Only by travelling in person to Orphpon will you discover that your stay is to be restricted to fifteen days, even should you have a firm booking at a local hotel or other resort, and that you will not be allowed to return for another two years. Outsiders and casual visitors rarely understand the reasons for these strict rules and every year there are attempts to breach or ignore them. Such visitors will then discover how strictly enforced are the laws. The prison regime in Orphpon Town is downright unpleasant and rigidly enforced (we write with some experience), and the authorities routinely maintain several empty cells throughout the holiday season in readiness for would-be visa deniers.
However, most of the cells in the prison do command an attractive view across the harbour and adjacent islands.
Unusually for the Archipelago, Orphpon is not a feudal state with a bill of rights for the freedom of the individual, but is a family-run fiefdom.
The family has extensive business interests throughout the Archipelago. The current Monseignior owns a vast fleet of luxury yachts, and a controlling interest in two of the largest inter-island ferry services. The family owns a large arms manufacturing company in the state of Glaund, and much of the gambling organization that runs through the Archipelago is owned and run by the Monseignior’s extended family.

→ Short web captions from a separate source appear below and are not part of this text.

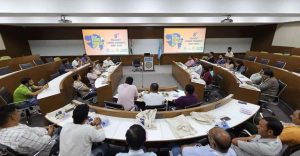 Inauguration of 8th 'Gujarat Young Thinkers Meet' in Surat Organized by Samnaviya Pratisthan and India Foundation, various topics will be discussed in this meet.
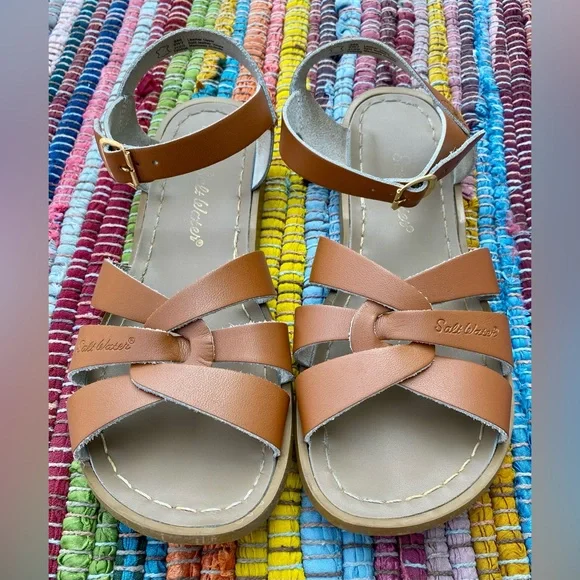 "The Original" Salt Water Sandals Tan Leather Women's 7/Youth 5 EUC - Picture 2 of 4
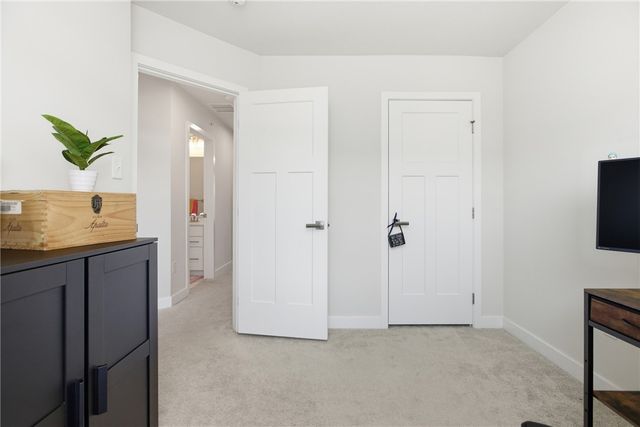 2013 Cade Dr, Monaca, PA 15061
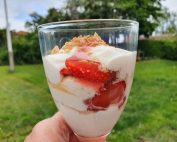 Ymerdessert med jordbær & makroner - nem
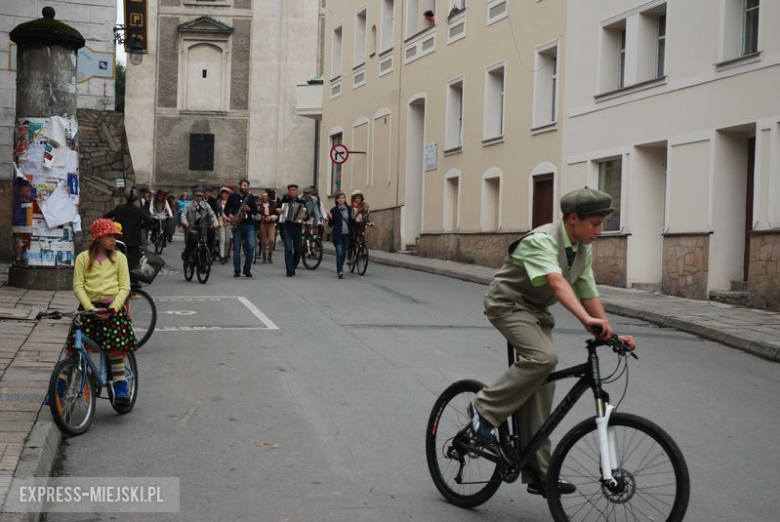 Parada w klimacie tweedowych lat dwudziestych ulicami Barda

The artist, Dryd Bathurst, visited Orphpon when still a young man. He began a series of sketches for later development as oil paintings, but was forced to leave when his visa expired. There is something of an unsolved mystery about this, as his visa would not have been on a different basis than anyone else’s, yet he is known to have remained on Orphpon for nearly a year. When he finally completed his celebrated Orphpon Sequence, some three years later, the paintings were recognized as modern masterpieces and they now hang in the Museum d’Artistes in Derril City.

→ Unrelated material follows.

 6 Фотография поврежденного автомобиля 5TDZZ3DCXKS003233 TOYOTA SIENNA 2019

It has recently been discovered that Bathurst had been allowed to stay in the Monseignior’s Winter Residence on Orphpon, because even at his comparatively young age at the time his fame was widespread and his artistic reputation secure. It was while he was in the Residence that he drafted his sketches for the paintings that later made up the Sequence.
It is also known that Bathurst at least visited the prison in the town. The Bathurst Archive maintains that he went as a celebrated visitor who had been invited to inspect the facilities, but during our own brief internment we discovered from other inmates that there is one particular cell that for many years has been known as the Bath-House.
The identity of the tantalizingly unclad young model depicted in the two most admired Orphpon Sequence paintings is officially unknown. The Archive maintains that she was an imaginary muse for the great artist. However, one of the Monseignior’s young nieces is known to have been staying at the Residence at approximately the same time, and after Bathurst left the island she was never heard from again.
Currency: Ganntenian credit, Archipelagian simoleon, also barter on a scale fixed by the Orphpon Seigniory.
Piqay (1)
FOLLOWED PATH
PIQAY is the island of traces. A small and pretty wine-growing island, famous for its elevated views of the surrounding sea and other islands close by, Piqay is renowned throughout the Archipelago as the place no one can or will leave. In practical terms this is untrue, because there are no prohibitions on travel, and like most islands Piqay has a busy port constantly trading. Ferries depart every day for the adjacent islands. None the less there is a tradition amongst Piqayeans for staying. They are rarely encountered anywhere outside their own island.
In the minds of the superstitious, Piqay is a place of unrested spirits, of unquiet souls, caught languishing between the here and now and the great hereafter. They are the traces of life. In the minds of the rational, Piqay is a place of unresolved hopes, of unfinished work, of unbroken attention. They are the traces of the living. Both irrational and rational are trapped by their condition.